▶ _Try it_: Transcribe the records exactly from the line with "Bán nhà gia" to the end, both included.

Collection entries:
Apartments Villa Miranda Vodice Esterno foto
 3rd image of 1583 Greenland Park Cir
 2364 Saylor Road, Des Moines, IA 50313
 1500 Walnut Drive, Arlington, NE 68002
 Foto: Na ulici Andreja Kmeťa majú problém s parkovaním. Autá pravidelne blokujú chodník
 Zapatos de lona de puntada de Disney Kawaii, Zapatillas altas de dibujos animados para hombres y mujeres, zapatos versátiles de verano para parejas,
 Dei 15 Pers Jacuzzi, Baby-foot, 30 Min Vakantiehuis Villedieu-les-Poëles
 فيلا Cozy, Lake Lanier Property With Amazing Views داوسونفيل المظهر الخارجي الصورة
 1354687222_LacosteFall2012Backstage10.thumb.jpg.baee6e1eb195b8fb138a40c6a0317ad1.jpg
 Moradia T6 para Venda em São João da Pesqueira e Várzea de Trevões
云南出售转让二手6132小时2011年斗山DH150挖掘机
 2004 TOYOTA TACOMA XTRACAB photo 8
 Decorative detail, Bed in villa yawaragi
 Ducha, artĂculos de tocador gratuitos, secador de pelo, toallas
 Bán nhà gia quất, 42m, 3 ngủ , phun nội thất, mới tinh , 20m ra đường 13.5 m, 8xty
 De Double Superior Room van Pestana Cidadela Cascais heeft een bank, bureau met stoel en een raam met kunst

▶ _Output_:
 Bán nhà gia quất, 42m, 3 ngủ , phun nội thất, mới tinh , 20m ra đường 13.5 m, 8xty
 De Double Superior Room van Pestana Cidadela Cascais heeft een bank, bureau met stoel en een raam met kunst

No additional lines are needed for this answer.